## WHAT YOU NEED TO DO
From the first line to the last, retype everything below exactly, minus the pictures.

## DATA SUPPLIED

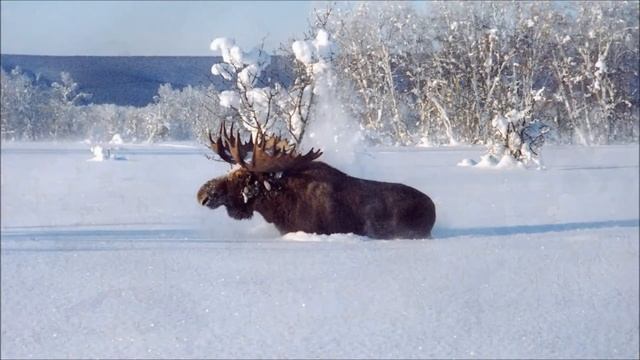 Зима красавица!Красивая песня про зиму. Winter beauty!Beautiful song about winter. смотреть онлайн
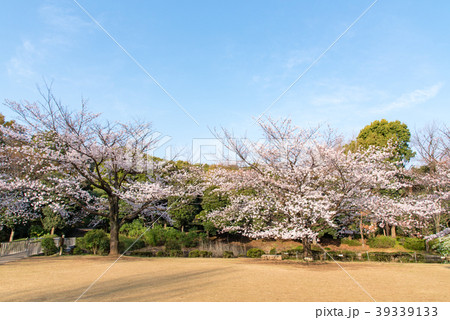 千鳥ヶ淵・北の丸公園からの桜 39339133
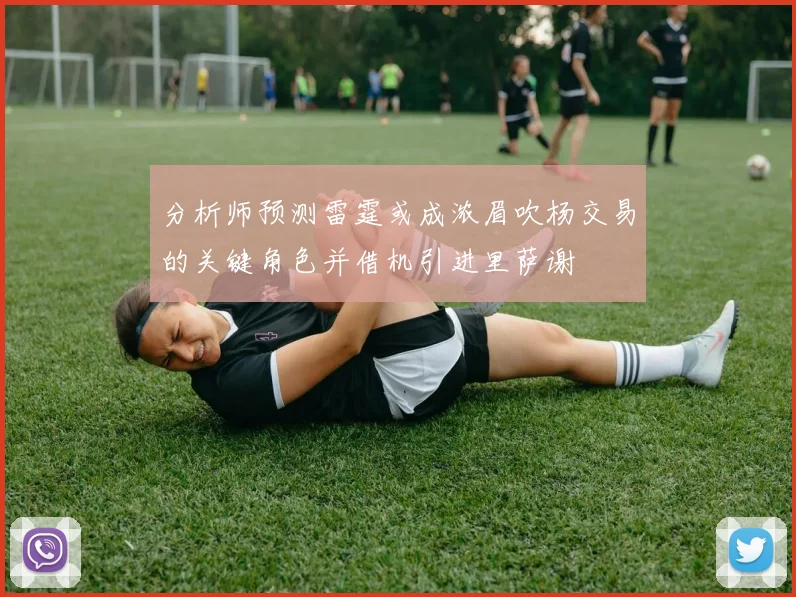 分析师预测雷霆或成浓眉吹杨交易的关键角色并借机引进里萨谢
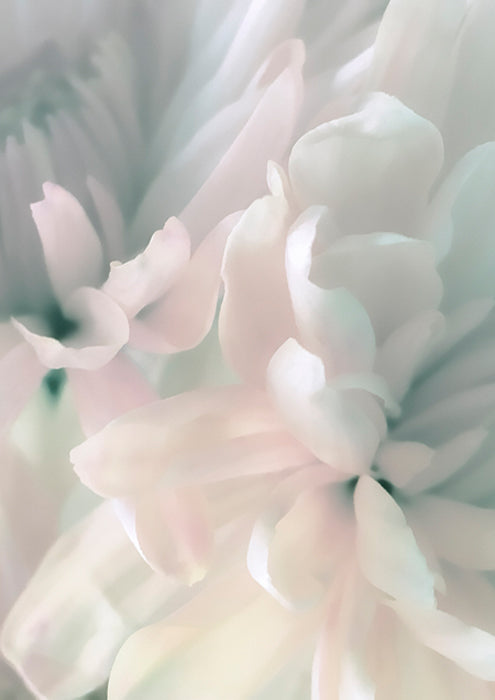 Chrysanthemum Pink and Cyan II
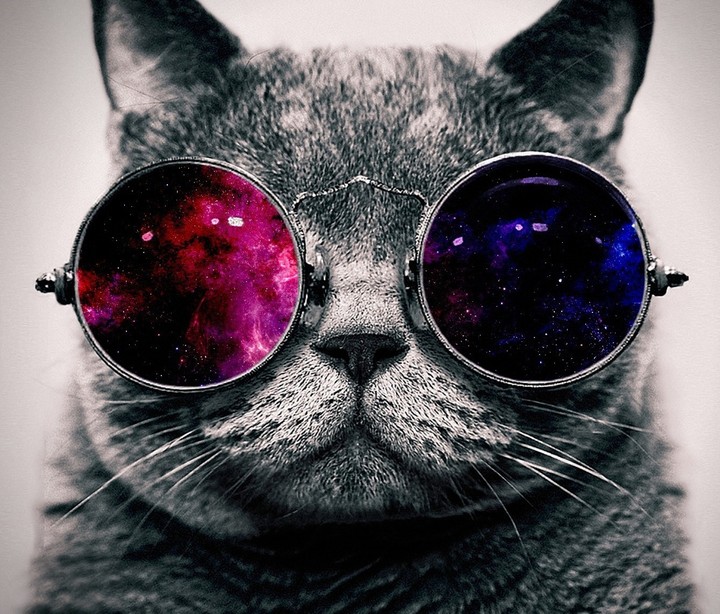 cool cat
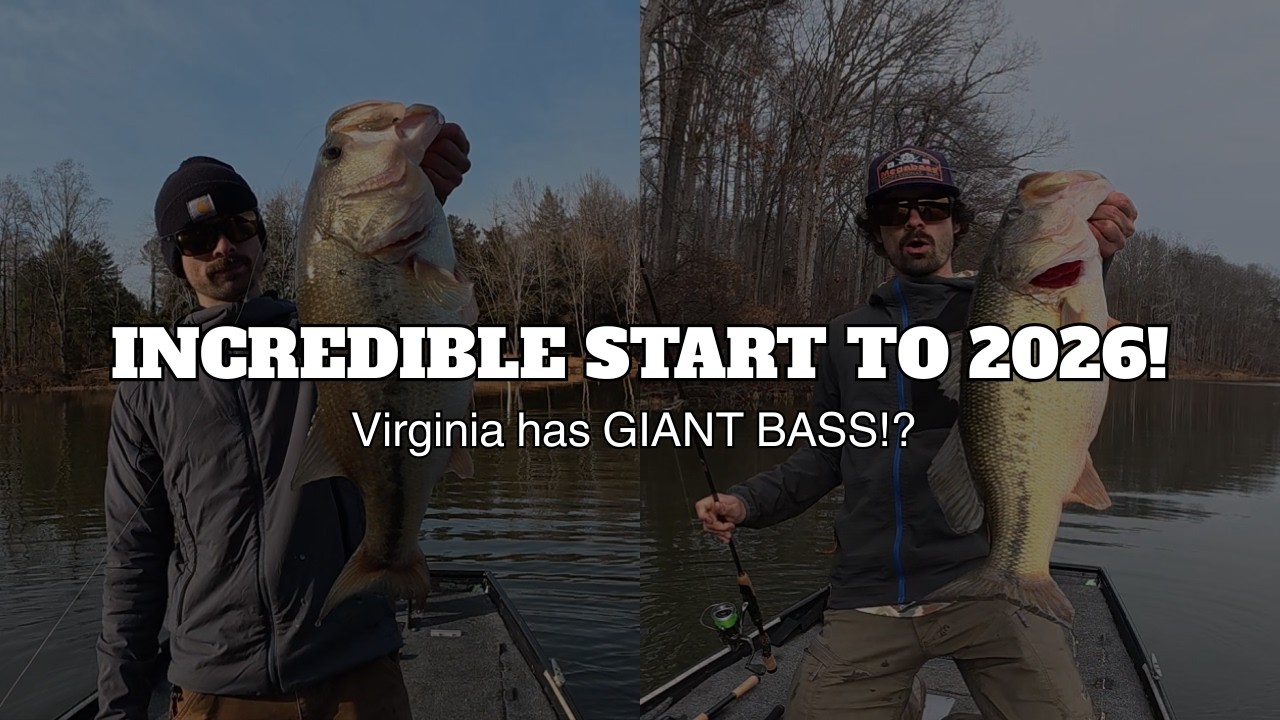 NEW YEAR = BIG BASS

## TASK RESULT
 Зима красавица!Красивая песня про зиму. Winter beauty!Beautiful song about winter. смотреть онлайн
 千鳥ヶ淵・北の丸公園からの桜 39339133
 分析师预测雷霆或成浓眉吹杨交易的关键角色并借机引进里萨谢
 Chrysanthemum Pink and Cyan II
 cool cat
 NEW YEAR = BIG BASS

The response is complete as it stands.